Looking forward, watermarking systems are set to integrate post-quantum cryptography and cross-modal detection. Pushmeet Kohli from Google DeepMind emphasizes the importance of these efforts:
"Content transparency remains a complex challenge. To continue to inform and empower people engaging with AI-generated content, we believe it’s vital to continue collaborating with the AI community and broaden access to transparency tools." [12]
For large-scale digital asset management, tools like ScoreDetect (https://www.scoredetect.com) combine invisible watermarking with blockchain verification and automated takedown workflows, offering robust protection against evolving threats.
As the technology evolves, it continues to balance imperceptibility, robustness, and payload capacity, staying one step ahead of increasingly sophisticated attacks. AI is both a challenge and a powerful ally in the ongoing mission to protect digital content.
FAQs
What’s the difference between GAN and diffusion watermarking?

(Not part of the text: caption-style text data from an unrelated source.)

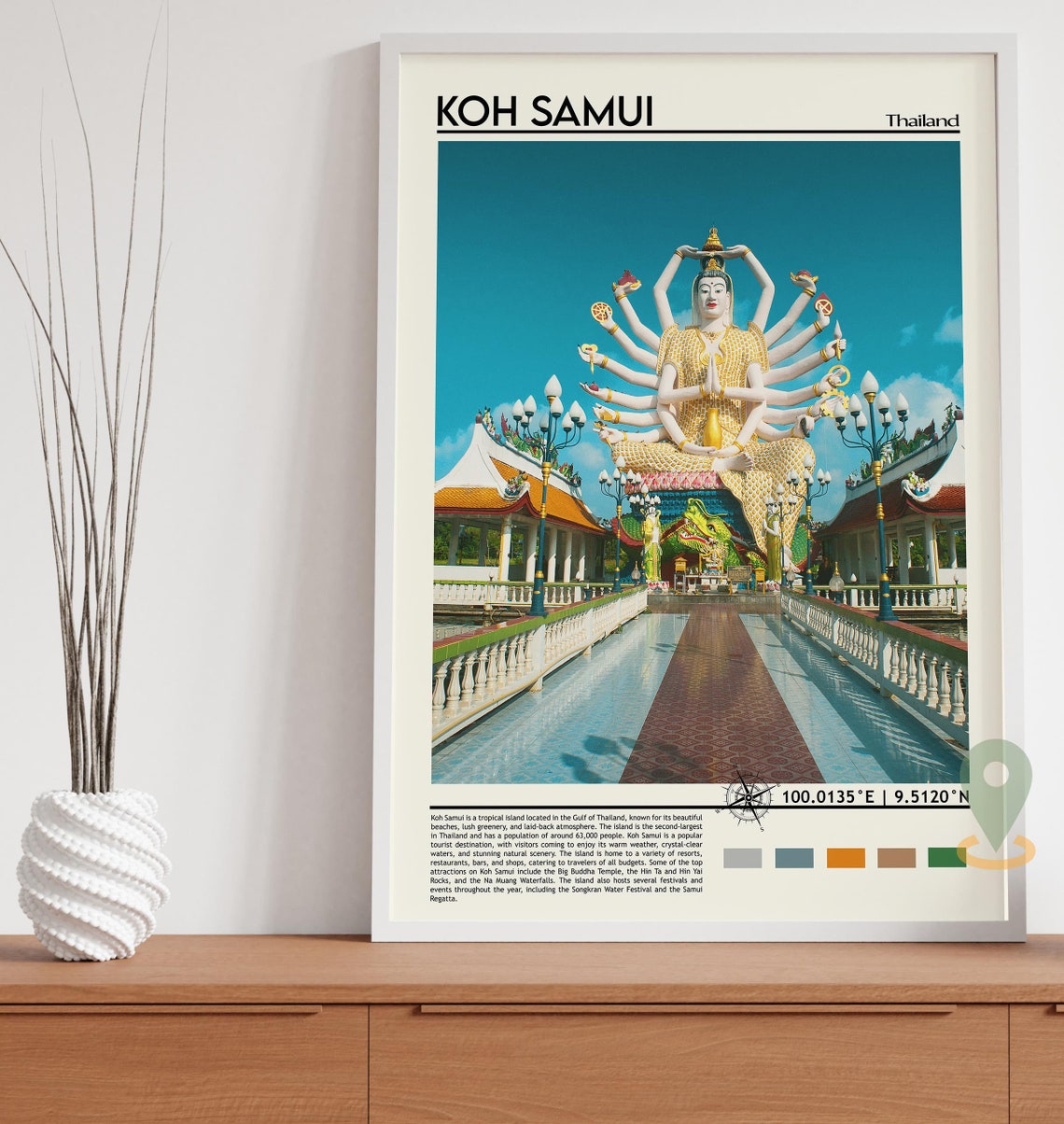 Koh Samui Thailand Temple Statue Photo Poster Tropical Island Art - Image 3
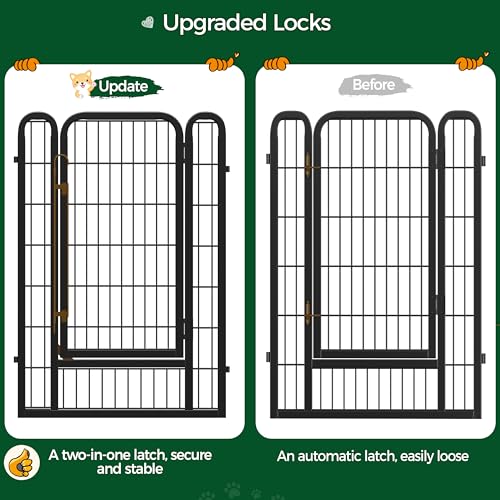 Yaheetech Dog Playpen Outdoor, 40 inch 16 Panels Dog Pen Indoor Heavy Duty Puppy Exercise Pen Metal Pet Fence for RV Camping/Yard/Garden - size: 40"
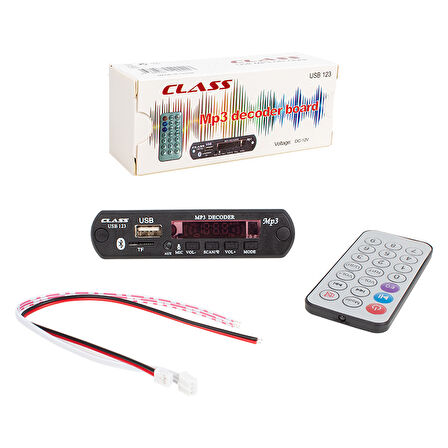 CLASS USB-123 12 VOLT SD+AF+VR OTO TEYP MİKROFONLU USB/SD ÇEVİRİCİ DİJİTAL PLAYER USB BOARD (5042)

The main distinction between GAN (Generative Adversarial Network) watermarking and diffusion watermarking lies in their methods and ability to withstand challenges. GAN watermarking relies on neural networks to embed and retrieve watermarks, prioritizing subtlety to ensure the watermark remains unnoticed. However, it can face difficulties when dealing with unpredictable distortions. On the other hand, diffusion watermarking integrates data into noise or patterns during the generative process. This approach enhances its ability to endure advanced attacks and unexpected alterations, making it notably more resilient.
How do error-correcting codes help recover damaged watermarks?
Error-correcting codes play a crucial role in improving watermark recovery by addressing errors introduced during embedding, transmission, or manipulation of digital content. By incorporating redundancy into the watermark data, these codes allow the decoding process to detect and correct distortions caused by factors like compression or noise. This makes it possible to reconstruct the original watermark with precision, even when parts of it are damaged, ensuring greater reliability and resistance to tampering or degradation.
How can watermarking resist regeneration and adversarial attacks?
Watermarking stands strong against regeneration and adversarial attacks by leveraging advanced techniques designed to balance durability and quality. Strategies like adaptive frameworks optimize how watermarks are embedded, ensuring they remain robust without compromising the content’s integrity. Tools such as residual optimization, error correction codes, and adversarial training play a key role in safeguarding watermarks from noise and distortions.
By fine-tuning encoders and employing randomly parameterized decoders, these methods ensure watermarks stay detectable even under aggressive attacks. What’s more, they achieve this resilience without the need for extensive retraining, making the process efficient and reliable.